I. Media sombra
Ese hombre que nunca se sabe cuándo va a llegar anuncia su presencia con el melancólico sonido de un acordeón: su eco, el otro hablante de su lengua. El instrumento musical destartalado es la sola compañía que lo sigue durante sus largas jornadas de búsqueda por la ciudad que, para él, no tiene puntos de referencia, ni norte ni sur, y es sólo un laberinto de calles que recorre guiado por el instinto, por la urgencia de sobrevivir.
Ese hombre que nunca se sabe cuándo va a llegar es moreno, más que pequeño, muy delgado, tanto que su cuerpo parece la mitad de un cuerpo, su sombra la mitad de una sombra. Las mitades que faltan quedaron sepultadas en la tierra árida de la que salió huyendo, pero que siempre extraña y sigue amando aunque no le rinda frutos y parezca muerta.
Ese hombre que nunca se sabe cuándo va a llegar tiene un patronímico que aquí nadie pronuncia, una historia de la que él mismo ha empezado a olvidarse, una edad escrita en las muchas líneas que le cruzan la cara. Sí, ese hombre, un día se irá a otra ciudad laberíntica e inabarcable, cargado con su acordeón, su soledad, su hambre y el largo tiempo de los siglos.
II. Confesión
Juro que no lo amenacé con volver a llevarlo al Anexo ni con llamar a la patrulla. Lo hice varias veces y no dio resultado, por eso preferí actuar de otra manera. Sentada allí donde usted se encuentra ahora, me puse a hablarle, a recordarle las cosas que había hecho, sus errores. No piense que lo hice a gritos, con malas palabras o llorando; no, hablé muy tranquila, sin ocultar el desastre en que se habían convertido nuestras vidas: la de él a causa de las drogas y la mía por verlo hecho un guiñapo, ahogándose en el vicio.
Él se quedó callado, como pensando, y aproveché para suplicarle que se esforzara en buscarle una salida al infierno en que estábamos. Recuerdo que le dije también que esta vez no iba a meterme en sus cosas ni a decidir por él: creía que era el momento de que tomara las riendas de su vida, de que hiciera lo que él considerara necesario para ponerle punto final a tantas situaciones espantosas.

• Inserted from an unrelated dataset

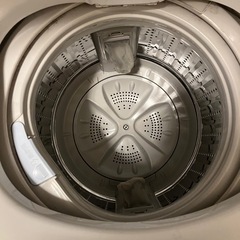 洗濯機　　Haier JW-K42Kの画像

Me agité mucho, sentí mareo y me quedé callada. Mientras, él seguía mirándome de una manera muy extraña y sonriendo. De repente, dio media vuelta y fue hacia la puerta. Le pregunté adónde iba y me contestó que a seguir mi consejo, a buscar la forma de salirse para siempre del infierno en que estábamos por su culpa. Fue lo último que me dijo. Volví a verlo más o menos una hora después, en la azotea, donde lo hallé colgado en la jaula. De lejos, su cuerpo parecía una prenda más entre la ropa limpia, húmeda.
Me duele muchísimo que mi muchacho haya tomado esa decisión. De verdad, yo no tuve nada qué ver con eso. Si algo hice fue ser sincera, decir las cosas tal cual habían sido, describirle la forma en que nos estábamos hundiendo sin que yo pudiera evitarlo. De verdad, era algo ya insoportable, y por esa razón le pedí que hiciera cualquier cosa, cualquiera, para abrirnos las puertas del infierno.
III. Un sabio
A la reiterada pregunta que le formulan al Decano, él responde: “Los escasos conocimientos que poseo se los debo a los libros, por supuesto a mis maestros y a mis amigos, pero sobre todo a que tuve el valor de reconocer mi ignorancia. Si me permiten decirlo, creo que esa ha sido mi mayor sabiduría.”
IV. La última meta
Artemio lo quería todo. Desde muy joven trazó una especie de carta de navegación rumbo al éxito. Pensaba que su avidez por conquistarlo iba a ser suficiente para convertir en realidad sus sueños de fortuna y grandeza. Tenía motivos para sentirse tan seguro: otros nacidos en igual desamparo que el suyo lo habían logrado, ¿por qué él no, cuando tenía todo para alcanzar sus propósitos? Inteligencia, personalidad, atractivo físico y un nombre hermoso, digno de las primeras planas.
Obsesionado por alcanzar sus metas, no se dio ni siquiera un minuto para plantearse la eventualidad del fracaso. Por desgracia, lo sufrió, pero no una, sino muchas veces en su vida personal y de trabajo. Las malas experiencias le impidieron valorar todo lo que tenía, le enturbiaron el alma y lo hicieron conocer los peores sentimientos: rencor, envidia, desprecio por todo, hasta por él mismo.
Al paso del tiempo –que no pacta con nadie y muchas veces se alimenta de sueños muertos–, las aspiraciones de Artemio han ido disminuyendo. Hoy son nada más dos: rencontrarse con la muchacha a la que tanto amó y contar con otro día de vida.